Material provided START

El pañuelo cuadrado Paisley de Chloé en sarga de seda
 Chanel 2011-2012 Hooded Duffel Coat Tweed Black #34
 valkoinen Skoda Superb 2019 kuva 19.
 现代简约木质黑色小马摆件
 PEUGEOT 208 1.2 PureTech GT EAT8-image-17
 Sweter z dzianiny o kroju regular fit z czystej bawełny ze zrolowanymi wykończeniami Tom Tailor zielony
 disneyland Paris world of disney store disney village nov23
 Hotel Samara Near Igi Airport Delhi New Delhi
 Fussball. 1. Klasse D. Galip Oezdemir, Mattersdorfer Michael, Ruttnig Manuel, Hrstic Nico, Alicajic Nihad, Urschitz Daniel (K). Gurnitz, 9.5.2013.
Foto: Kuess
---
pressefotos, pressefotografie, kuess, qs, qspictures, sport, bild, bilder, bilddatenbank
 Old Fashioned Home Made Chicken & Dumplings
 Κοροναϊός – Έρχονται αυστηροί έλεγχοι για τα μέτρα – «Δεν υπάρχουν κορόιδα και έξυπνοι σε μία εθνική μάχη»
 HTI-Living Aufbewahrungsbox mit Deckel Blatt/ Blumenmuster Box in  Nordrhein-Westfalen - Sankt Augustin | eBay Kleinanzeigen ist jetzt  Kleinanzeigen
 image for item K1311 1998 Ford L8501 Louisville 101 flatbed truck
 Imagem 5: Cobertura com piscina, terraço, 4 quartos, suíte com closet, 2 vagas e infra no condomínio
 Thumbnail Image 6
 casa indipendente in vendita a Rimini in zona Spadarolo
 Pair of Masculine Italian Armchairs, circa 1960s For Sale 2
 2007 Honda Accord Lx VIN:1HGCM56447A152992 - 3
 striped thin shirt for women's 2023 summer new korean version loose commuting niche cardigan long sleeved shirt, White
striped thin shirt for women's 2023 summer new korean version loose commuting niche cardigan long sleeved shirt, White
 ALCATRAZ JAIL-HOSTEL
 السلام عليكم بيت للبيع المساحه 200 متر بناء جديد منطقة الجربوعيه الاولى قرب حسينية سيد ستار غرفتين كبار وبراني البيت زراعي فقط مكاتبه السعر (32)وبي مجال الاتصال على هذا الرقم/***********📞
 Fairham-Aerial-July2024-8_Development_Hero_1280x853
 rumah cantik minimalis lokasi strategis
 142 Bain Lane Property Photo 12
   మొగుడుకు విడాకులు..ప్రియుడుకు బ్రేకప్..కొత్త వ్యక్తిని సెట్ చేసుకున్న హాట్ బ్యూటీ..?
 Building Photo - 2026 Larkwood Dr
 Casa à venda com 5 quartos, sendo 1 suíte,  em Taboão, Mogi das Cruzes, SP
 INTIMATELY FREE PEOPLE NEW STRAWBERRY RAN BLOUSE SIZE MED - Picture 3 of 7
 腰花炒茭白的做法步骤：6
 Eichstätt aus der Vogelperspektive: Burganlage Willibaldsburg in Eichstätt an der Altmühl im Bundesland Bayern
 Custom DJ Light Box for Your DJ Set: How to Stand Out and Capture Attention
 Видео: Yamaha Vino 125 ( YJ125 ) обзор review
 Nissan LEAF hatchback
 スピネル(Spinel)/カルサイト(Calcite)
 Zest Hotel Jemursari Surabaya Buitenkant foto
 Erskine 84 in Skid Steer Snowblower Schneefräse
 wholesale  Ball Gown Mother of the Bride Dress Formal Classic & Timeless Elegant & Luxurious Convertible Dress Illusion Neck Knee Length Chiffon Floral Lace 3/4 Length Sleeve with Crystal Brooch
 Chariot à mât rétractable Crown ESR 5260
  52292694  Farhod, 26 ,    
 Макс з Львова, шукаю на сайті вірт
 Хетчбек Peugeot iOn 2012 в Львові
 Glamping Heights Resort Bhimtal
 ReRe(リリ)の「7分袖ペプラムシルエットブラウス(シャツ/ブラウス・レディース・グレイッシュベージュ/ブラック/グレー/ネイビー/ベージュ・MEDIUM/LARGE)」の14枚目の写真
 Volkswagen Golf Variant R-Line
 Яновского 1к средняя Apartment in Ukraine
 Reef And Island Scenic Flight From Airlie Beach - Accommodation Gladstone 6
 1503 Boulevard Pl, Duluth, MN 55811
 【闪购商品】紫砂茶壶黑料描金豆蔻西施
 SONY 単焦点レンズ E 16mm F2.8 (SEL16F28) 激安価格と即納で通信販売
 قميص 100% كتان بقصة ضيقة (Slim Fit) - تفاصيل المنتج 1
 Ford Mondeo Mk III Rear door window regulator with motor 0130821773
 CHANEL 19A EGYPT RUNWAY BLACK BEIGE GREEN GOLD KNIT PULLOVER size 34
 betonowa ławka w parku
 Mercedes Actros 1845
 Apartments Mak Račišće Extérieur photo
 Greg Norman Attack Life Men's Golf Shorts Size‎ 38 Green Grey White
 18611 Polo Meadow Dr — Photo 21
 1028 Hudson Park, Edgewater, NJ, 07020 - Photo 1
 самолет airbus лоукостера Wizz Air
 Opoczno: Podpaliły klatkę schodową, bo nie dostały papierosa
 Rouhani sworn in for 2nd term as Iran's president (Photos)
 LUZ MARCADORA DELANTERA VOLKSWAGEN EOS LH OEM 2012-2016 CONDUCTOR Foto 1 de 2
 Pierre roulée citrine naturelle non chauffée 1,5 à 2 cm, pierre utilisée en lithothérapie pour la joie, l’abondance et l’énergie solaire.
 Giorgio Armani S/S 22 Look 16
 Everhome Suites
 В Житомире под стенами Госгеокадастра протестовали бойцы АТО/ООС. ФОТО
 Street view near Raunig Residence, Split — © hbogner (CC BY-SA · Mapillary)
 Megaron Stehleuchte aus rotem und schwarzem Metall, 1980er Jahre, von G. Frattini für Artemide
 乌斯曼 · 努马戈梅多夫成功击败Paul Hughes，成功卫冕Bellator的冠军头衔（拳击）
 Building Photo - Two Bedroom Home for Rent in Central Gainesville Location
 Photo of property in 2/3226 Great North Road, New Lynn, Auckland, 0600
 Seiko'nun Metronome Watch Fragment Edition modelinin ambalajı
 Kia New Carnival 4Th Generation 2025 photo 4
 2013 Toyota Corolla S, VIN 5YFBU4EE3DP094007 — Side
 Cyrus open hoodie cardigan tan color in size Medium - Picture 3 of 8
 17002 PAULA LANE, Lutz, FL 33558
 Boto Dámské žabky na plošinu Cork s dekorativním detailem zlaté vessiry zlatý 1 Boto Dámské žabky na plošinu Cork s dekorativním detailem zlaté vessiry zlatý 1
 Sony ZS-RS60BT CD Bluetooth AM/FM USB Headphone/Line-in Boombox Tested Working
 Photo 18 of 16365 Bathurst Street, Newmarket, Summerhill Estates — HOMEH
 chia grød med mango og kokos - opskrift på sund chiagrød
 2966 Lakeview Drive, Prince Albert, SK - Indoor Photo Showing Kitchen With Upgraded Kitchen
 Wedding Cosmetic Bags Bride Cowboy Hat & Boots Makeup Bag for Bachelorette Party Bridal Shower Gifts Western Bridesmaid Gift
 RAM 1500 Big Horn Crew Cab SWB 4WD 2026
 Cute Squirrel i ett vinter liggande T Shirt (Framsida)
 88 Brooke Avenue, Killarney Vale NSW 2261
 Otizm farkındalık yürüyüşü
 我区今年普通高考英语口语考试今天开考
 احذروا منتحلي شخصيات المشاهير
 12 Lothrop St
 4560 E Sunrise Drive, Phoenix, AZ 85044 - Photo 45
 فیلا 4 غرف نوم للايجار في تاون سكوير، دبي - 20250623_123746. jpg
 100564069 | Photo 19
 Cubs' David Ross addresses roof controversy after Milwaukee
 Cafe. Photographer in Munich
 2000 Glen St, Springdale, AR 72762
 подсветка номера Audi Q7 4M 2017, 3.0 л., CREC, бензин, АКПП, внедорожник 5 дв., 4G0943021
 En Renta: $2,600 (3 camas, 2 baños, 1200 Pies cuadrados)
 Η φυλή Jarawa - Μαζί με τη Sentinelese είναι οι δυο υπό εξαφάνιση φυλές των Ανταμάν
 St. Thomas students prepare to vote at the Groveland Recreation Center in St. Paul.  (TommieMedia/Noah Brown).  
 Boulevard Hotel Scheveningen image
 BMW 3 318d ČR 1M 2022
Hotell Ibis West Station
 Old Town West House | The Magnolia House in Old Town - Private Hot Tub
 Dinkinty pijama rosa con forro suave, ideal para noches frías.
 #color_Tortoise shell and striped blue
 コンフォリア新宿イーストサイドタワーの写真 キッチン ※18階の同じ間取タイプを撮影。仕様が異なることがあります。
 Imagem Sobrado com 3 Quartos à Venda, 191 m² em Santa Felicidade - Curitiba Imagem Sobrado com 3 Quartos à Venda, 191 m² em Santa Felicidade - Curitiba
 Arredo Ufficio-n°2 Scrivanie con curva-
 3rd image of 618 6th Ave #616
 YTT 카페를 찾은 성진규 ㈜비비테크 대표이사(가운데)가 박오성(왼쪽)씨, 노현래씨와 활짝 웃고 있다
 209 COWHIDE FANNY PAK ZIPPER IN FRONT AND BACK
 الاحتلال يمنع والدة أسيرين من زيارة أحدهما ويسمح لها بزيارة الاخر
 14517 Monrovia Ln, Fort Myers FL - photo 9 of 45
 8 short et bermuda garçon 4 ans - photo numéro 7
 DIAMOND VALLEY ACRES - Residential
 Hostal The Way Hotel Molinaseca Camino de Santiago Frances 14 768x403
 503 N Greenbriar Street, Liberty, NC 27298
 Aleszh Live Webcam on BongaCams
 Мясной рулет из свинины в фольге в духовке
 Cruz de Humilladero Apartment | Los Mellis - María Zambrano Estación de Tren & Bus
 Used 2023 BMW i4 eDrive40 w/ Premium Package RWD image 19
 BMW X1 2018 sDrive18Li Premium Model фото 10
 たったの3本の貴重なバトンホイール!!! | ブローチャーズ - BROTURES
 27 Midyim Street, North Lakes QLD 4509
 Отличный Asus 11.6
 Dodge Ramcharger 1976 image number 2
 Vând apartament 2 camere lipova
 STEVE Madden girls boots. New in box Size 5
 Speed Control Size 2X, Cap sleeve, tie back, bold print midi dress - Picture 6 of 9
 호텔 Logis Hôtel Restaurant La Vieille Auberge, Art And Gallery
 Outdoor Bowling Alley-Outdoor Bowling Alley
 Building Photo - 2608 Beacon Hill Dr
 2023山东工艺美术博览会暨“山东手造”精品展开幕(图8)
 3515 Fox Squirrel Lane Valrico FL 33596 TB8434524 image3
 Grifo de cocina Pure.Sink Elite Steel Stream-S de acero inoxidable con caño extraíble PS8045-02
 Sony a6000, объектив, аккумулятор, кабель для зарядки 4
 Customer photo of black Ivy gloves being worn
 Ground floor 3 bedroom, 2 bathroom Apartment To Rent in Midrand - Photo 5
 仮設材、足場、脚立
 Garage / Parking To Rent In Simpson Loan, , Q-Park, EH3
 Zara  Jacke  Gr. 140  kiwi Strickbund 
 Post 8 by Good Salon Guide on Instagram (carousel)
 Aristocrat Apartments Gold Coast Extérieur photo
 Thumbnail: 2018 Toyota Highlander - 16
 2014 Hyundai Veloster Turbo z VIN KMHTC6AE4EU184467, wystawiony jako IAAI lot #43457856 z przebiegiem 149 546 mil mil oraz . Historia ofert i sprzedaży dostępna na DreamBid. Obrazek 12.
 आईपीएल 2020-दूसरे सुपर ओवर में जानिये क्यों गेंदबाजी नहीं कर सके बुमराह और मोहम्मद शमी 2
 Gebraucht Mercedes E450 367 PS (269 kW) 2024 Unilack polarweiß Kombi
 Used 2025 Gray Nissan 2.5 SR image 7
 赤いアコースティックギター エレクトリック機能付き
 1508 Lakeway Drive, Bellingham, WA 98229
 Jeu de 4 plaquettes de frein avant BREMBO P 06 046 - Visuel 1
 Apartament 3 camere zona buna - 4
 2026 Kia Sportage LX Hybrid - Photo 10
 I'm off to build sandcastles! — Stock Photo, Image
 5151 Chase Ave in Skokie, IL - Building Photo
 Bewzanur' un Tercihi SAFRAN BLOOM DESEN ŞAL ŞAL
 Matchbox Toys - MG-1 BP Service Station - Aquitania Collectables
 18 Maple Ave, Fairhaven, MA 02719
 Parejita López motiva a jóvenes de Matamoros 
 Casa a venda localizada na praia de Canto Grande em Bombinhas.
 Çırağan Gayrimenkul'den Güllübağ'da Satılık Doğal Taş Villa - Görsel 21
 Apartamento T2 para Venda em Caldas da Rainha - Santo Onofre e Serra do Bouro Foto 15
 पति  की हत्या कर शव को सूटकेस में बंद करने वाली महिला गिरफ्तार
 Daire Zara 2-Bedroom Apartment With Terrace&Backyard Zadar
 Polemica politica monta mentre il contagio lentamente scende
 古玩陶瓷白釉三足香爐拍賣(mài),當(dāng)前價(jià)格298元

Material provided END

_Your instructions_: In the entries above, identify every line with the word "suíte". Copy those lines.

_Solution for this task_:
 Imagem 5: Cobertura com piscina, terraço, 4 quartos, suíte com closet, 2 vagas e infra no condomínio
 Casa à venda com 5 quartos, sendo 1 suíte,  em Taboão, Mogi das Cruzes, SP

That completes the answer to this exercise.